When human activities upstream and in the watershed increase soil erosion and nutrient inputs beyond natural conditions, water clarity can be reduced. In addition to limiting the appeal of waters for swimming and other recreational uses, the sediments and nutrients that reduce clarity can also be harmful to aquatic ecosystems by smothering nearshore habitats, burying benthic communities and changing algal growth patterns. 

Water clarity provides a visual indication of the condition of water. It is affected by physical, chemical and biological factors that are connected to the natural geology and human use of the surrounding watershed. Some waters are naturally turbid. However, waters that receive excessive inputs of nutrients (such as fertilizer runoff) and sediments (for example, from construction runoff) are generally less clear and more turbid. 

Most lakes in Haliburton are very clear because they have very low nutrients (primarily Phosphorus), but many factors can contribute to the colour of a lake.
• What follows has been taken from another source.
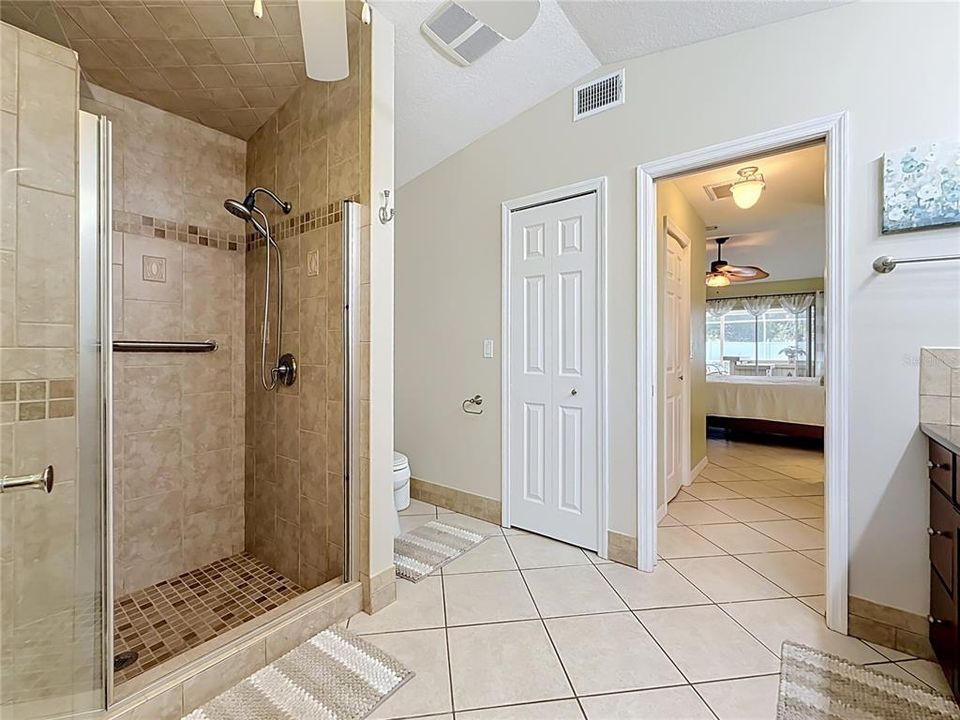 Activo con contrato: $369,500 (3 camas, 2 baños, 1729 Pies cuadrados)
Dissolved organic carbon, usually found in lakes whose watershed is rich in peaty soils, is most often responsible for the `tea` colour of some lakes in Haliburton. Some lakes can appear green if they are biologically productive, that is, having higher nutrient levels such as phosphorus.

Water clarity in the Kennisis lakes has been monitored by the KLCOA for over 30 years. The water clarity has decreased in both lakes since the initial Secchi Depth measurements were taken in 1992 as shown in the charts below.  Although both lakes still have very good water quality, the data shows that Kennisis Lake generally has better water clarity than Little Kennisis Lake . This is due to a number of factors including the flush rate in the big lake (greater dilution) and the water sources for both lakes.